Prioritize your basic needs before you even start looking so you don’t buy the wrong home. Also know that you may have to compromise. This is your first home, not the dream home you’ll live in for the rest of your life.
1. General price range
2. Approximate size (in sq. footage)
3. General location, area or subdivision
4. Number of bedrooms
5. Number of bathrooms
6. Style and layout of home
7. School requirements or districts
Mistake #2: Not Knowing What You Can Afford Before Looking At Homes.
You’ll waste your time looking at properties that are may be out of your price range. Examine your budget, get a copy of your credit report and credit score, then sit down with a qualified lender to determine how much of a home loan you can afford.
Mistake #3: Not Getting Pre-Approved Before You Go House Hunting.
A lender can give you a pre-qualification letter after a simple 10-minute phone interview. But a pre-APPROVAL letter is a firm commitment
to lend money based on VERIFICATION of income in the form of: employment, funds on deposit, and your credit history.
Mistake #4: Neglecting To Consider The Overall Costs Of Owning A Home.
There’s more to it than the monthly mortgage payment. You have to plan for homeowners’ insurance, property taxes, utility costs, plus repairs and maintenance. If you’re buying a condo, you’ll have to pay monthly HOA costs as well.
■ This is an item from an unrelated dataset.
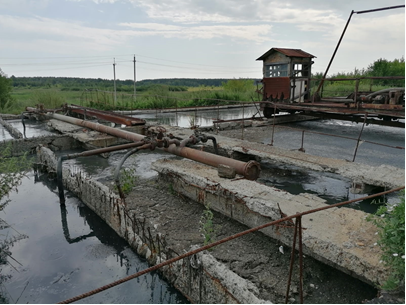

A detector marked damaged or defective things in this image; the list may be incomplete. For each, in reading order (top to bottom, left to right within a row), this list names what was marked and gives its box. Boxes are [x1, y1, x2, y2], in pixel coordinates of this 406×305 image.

rusty metal beam [45, 112, 260, 179]
large rusty pipe [46, 112, 260, 179]
rusty metal pipe [46, 112, 260, 179]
Mistake #5: Not Thinking Of The Future.
How long do you think you’ll own the home you are interested in? If you want to move in five years, that’s fine. But if you can’t see yourself living there for even a couple years, don’t buy the home.
Mistake #6: Not Having A Home Inspection.
Having a professional home inspection before you close on the sale is one of the most important parts of the process. Review the inspection report carefully to make sure the home is in good condition.
Mistake #7: Not Doing A Walk-Through Before Closing.
Visit the property after all the furnishings have been moved out to make sure there are no surprises. If you’re buying a new home, you’ll typically do a walk-through with the builder’s representative. Items that are not completed will be entered onto a “punch list,” which will be discussed at closing.
Remember, the seller’s agent does not represent your financial interests. They work for the seller and are trying to get the seller the most money you will pay. Create a “buyer’s representation” with a REALTOR® so you have someone on your side working to negotiate the best price for YOU. This is why you never want to walk into an Open House without having a REALTOR®. By the way, this won’t cost you a nickel because it’s paid out of the seller’s commission.